L’Évangile selon Matthieu est un livre organisé avec un très grand soin. Nous avons relevé le soin que l’auteur portait aux détails rapportés, la manière dont il témoigne et la précision qu’il met dans son récit. On peut relever le souci de Matthieu de situer la mission du Christ autour de cinq discours, ou groupes de discours. Une fois que nous tenons compte de cette structure, nous apercevons tout l’effort que l’auteur déploie pour réussir la composition de son livre. Son apologie en faveur de Jésus et son appel à se préparer à l’avènement de l’Époux sont divisés et organisés. Autrefois, les écrivains organisaient de manière plus symétrique leurs écrits. Il est important de noter ces divisions symétriques si nous tenons à comprendre le sens du livre et son message particulier.

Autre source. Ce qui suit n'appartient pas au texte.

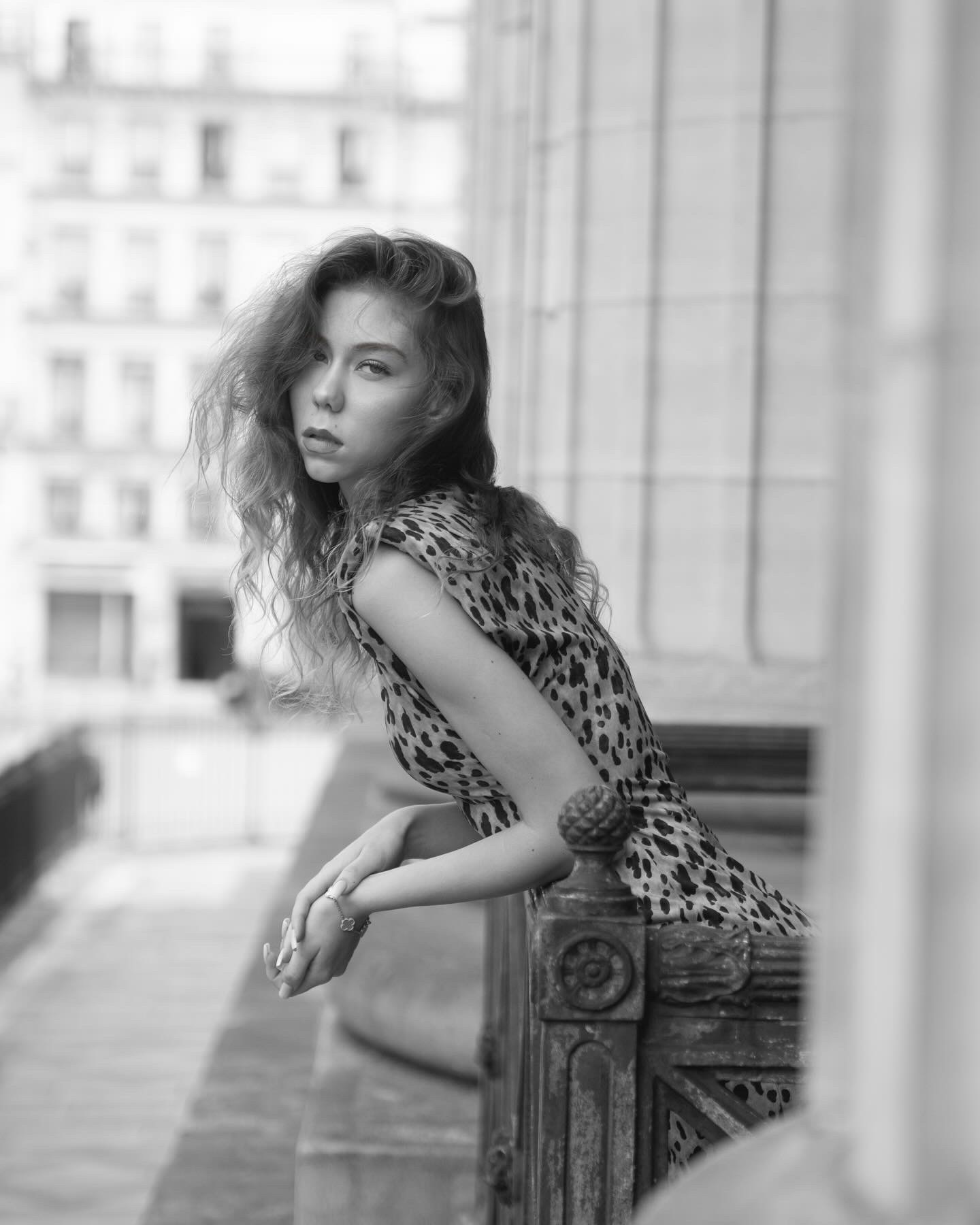 DDE25C9A-BDE1-413B-A6EA-1D170B01FA88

Notons les sept requêtes du Notre Père, les sept paraboles du chapitre 13, les sept cris de malheur dans le chapitre 23. Le thème d’Emmanuel, Dieu avec nous, apparaît dès le commencement (Mt 1.23) ainsi qu’à la fin, quand Christ promet d’être avec les siens jusqu’à la fin des siècles.
Les auteurs des Évangiles n’étaient donc pas de simples chroniqueurs, dépourvus de tout intérêt théologique, et rapportant un événement après un autre ou un discours après un discours. La Bible n’a pas été écrite par des robots. Les Évangiles, comme chacun des livres du canon biblique, ont été rédigés avec le plus grand soin.
Les traits particuliers de cet Évangile montrent que son auteur place moins d’accent sur les figures individuelles que les deux autres synoptiques (Jean-Baptiste, Marie, mère de Jésus, les douze, Caïphe, Pilate, Simon de Cyrène, Joseph d’Arimathée et autres figures mineures qui jouent un rôle dans les récits; toutes sont secondaires par rapport au noyau du récit).
Certains incidents de la vie de Jésus sont particuliers à Matthieu : la vision de Joseph (Mt 1.20-24), la visite des mages (2.1-12), la fuite en Égypte (2.13-15), le massacre des innocents (2.16), le rêve de la femme de Pilate (27.19), la mort de Judas (27.3-10), la résurrection des saints lors de la crucifixion de Jésus (27.32), les gardes romains achetés par les juifs pour garder le silence au sujet de la résurrection de Jésus (28.12-15), l’ordre baptismal (28.18-20).
Parmi les paraboles, celles de l’ivraie, le trésor caché, la perle de grand prix, le filet, le serviteur impitoyable, les laboureurs dans la vigne, les deux fils, les talents sont particulières à Matthieu.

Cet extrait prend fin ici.